**WHAT THE EXERCISE ASKS:** Transcribe each record exactly; skip any picture.

++++++

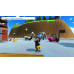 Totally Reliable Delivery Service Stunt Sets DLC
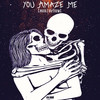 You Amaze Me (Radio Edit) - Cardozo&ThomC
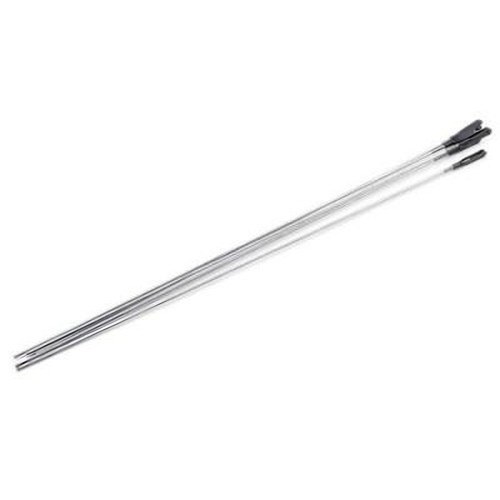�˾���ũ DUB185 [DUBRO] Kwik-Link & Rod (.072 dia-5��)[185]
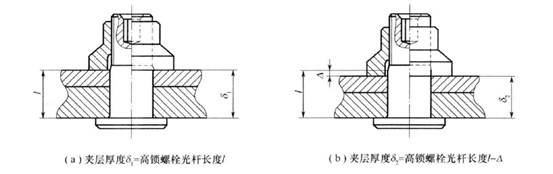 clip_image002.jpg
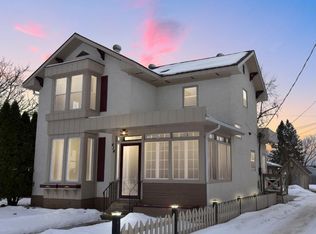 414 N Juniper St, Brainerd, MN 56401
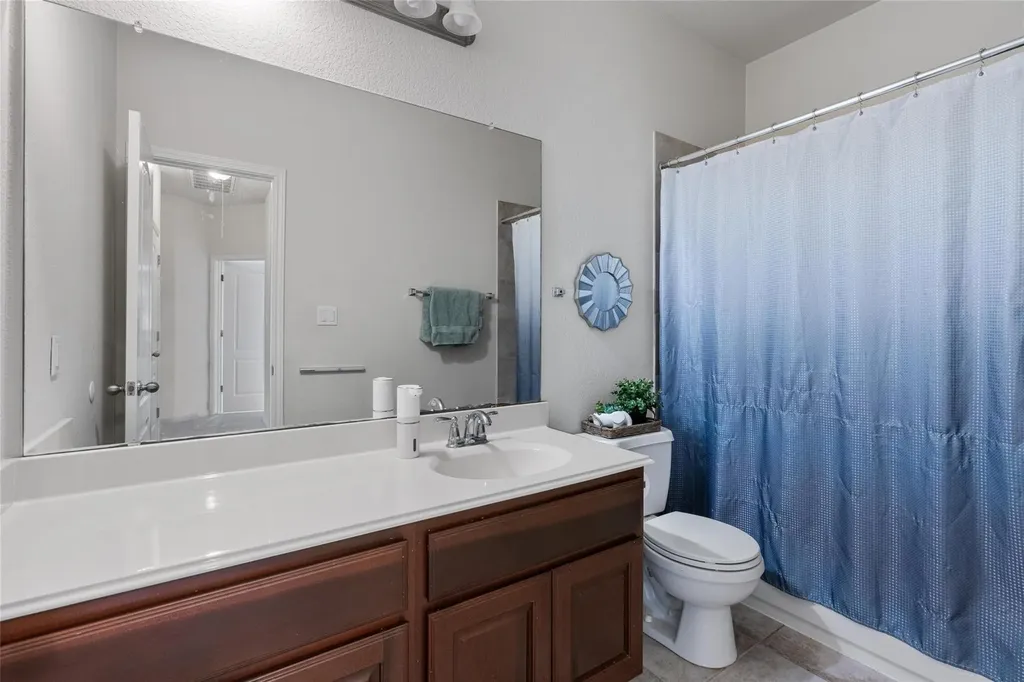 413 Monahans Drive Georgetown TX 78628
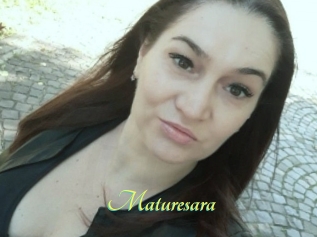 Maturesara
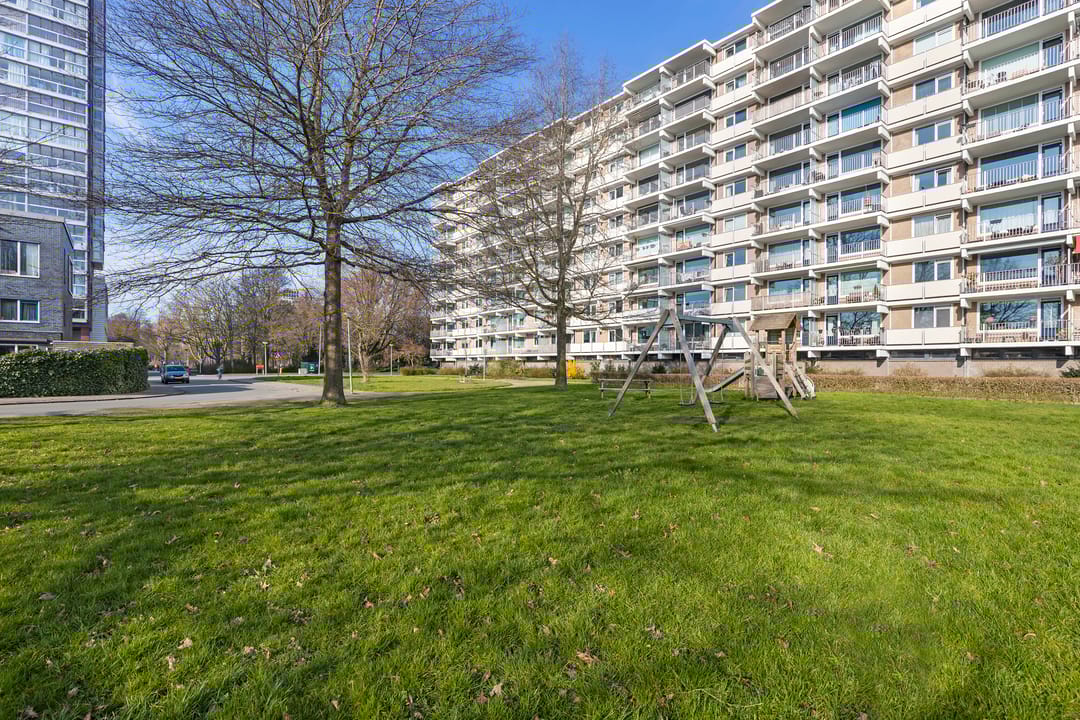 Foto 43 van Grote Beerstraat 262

++++++

**TASK RESULT:**
 Totally Reliable Delivery Service Stunt Sets DLC
 You Amaze Me (Radio Edit) - Cardozo&ThomC
�˾���ũ DUB185 [DUBRO] Kwik-Link & Rod (.072 dia-5��)[185]
 clip_image002.jpg
 414 N Juniper St, Brainerd, MN 56401
 413 Monahans Drive Georgetown TX 78628
 Maturesara
 Foto 43 van Grote Beerstraat 262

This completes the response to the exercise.